A long time ago, one part of the world believed in a government so smart that it could tell who to make what and when, so that everything could be directed from the top down. This approach worked well for a while, but soon, the diversity and volume of goods became too complex for the government to manage while keeping its denizens happy.
Then, in 1776, a Scot named Adam Smith wrote a book. Its main idea: “Let’s set a few simple rules and have the people work it out for themselves.” Supply. Demand. Price. People loved the idea so much, they used it to build entirely new nations.
One of our favorite software execs, Tony Stark, said it best: “That’s how America does it, and it’s worked out pretty well so far.”
Problem is, IT Operations has spent the last few decades following the old command-and-control model: give us more and more data (even better, “Big Data”) and we’ll make sure to tell the trains where to run, when, and keep them on time.
Except we’ve reached a point where managing the data center is beyond human scale. Luckily, we’ve taken a page from Adam Smith.
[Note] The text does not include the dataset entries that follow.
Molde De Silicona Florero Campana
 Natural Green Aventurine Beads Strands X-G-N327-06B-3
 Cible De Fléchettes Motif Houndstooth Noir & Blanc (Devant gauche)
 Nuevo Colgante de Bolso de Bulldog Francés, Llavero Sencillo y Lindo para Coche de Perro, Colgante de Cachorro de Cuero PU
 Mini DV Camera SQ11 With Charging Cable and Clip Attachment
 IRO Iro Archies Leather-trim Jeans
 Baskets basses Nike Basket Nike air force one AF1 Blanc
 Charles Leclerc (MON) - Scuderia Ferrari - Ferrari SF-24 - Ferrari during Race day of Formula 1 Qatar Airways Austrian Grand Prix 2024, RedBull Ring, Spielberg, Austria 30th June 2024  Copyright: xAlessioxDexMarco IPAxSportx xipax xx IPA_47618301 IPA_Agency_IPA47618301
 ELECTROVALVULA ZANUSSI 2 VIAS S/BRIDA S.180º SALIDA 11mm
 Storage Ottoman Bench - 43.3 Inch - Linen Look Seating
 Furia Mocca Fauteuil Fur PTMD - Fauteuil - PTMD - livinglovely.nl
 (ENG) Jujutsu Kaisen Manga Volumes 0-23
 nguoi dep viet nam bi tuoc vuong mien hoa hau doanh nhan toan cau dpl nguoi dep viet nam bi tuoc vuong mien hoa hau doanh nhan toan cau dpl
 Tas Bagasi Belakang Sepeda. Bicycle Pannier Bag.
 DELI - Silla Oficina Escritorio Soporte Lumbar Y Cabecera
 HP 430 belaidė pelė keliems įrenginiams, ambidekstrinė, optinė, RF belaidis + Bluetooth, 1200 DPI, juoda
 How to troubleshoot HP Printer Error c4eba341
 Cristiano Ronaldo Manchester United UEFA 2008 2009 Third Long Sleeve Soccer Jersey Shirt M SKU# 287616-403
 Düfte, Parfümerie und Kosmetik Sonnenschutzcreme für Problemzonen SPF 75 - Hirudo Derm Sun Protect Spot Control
The world’s most sophisticated fighter jets are designed to fly aeronautically unstable in order to increase agility, and thus need a software-based control system. So too does the modern, agile, virtualized datacenter require Software-Driven Control with the right approach to assure performance while sweating its infrastructure to its theoretical limit.
That approach is as American as apple pie: the market.
Rather than use IT Operations’ traditional command-and-control approach, VMTurbo teaches your VMs and other data center entities the basic rules of economics – supply and demand, really – gives them real-time information, and then, just like the good old American economy, lets the VMs work it out for themselves.